Event Processor Host

To overcome the first complication, Microsoft provides the consumer API called EventProcessorHost. This API has an implementation of consumers based on checkpointing. All you need to do is to provide a callback to process a batch of events, and then call CheckpointAsync method, which saves the current offset of the last message into Azure Blob Storage. If the consumer restarts at any point in time, it will read the last checkpoint to find the current offset, and will then continue processing from that point on.

It works great for some scenarios, but the event delivery/processing guarantees are relatively low in this case:

  • Any failures are ignored: there’s no retry or Dead Letter Queue

  • There are no transactions between event hub checkpoints and the data sinks that the processor works with (i.e. data stores where processed messages end up at)
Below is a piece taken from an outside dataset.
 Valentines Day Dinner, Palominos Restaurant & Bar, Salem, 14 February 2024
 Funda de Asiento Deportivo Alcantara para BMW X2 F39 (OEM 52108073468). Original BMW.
In this post I want to focus on a way to process events with higher consistency requirements, in particular:

  • Event Hub processor modifies data in a SQL Database, and such processing is transactional per batch of messages

  • Each event should be (successfully) processed exactly once

  • If event processing failed, it should be marked as failed and kept available to be reprocessed at later point in time

While end-to-end exactly-once processing would require changes of the producers too, we will only focus on consumer side in this post.

Transactional Checkpoints in SQL

If checkpoint information is stored in Azure Blobs, there is no obvious way to implement distributed transactions between SQL Database and Azure Storage.

However, we can override the default checkpointing mechanism and implement our own checkpoints based on a SQL table. This way each checkpoint update can become part of a SQL transaction and be committed or rolled back with normal guarantees provided by SQL Server.

Here is a table that I created to hold my checkpoints:

CREATE TABLE EventHubCheckpoint (
  Topic varchar(100) NOT NULL,
  PartitionID varchar(100) NOT NULL,
  SequenceNumber bigint NOT NULL,
  Offset varchar(20) NOT NULL,
  CONSTRAINT PK_EventHubCheckpoint PRIMARY KEY CLUSTERED (Topic, PartitionID)
)

For each topic and partition of Event Hubs, we store two values: sequence number and offset, which together uniquely identify the consumer position.

Conveniently, Event Host Processor provides an extensibility point to override the default checkpoint manager with a custom one. For that we need to implement ICheckpointManager interface to work with our SQL table.

The implementation mainly consists of 3 methods: CreateCheckpointIfNotExistsAsync, GetCheckpointAsync and UpdateCheckpointAsync. The names are pretty much self-explanatory, and my Dapper-based implementation is quite trivial. You can find the code here.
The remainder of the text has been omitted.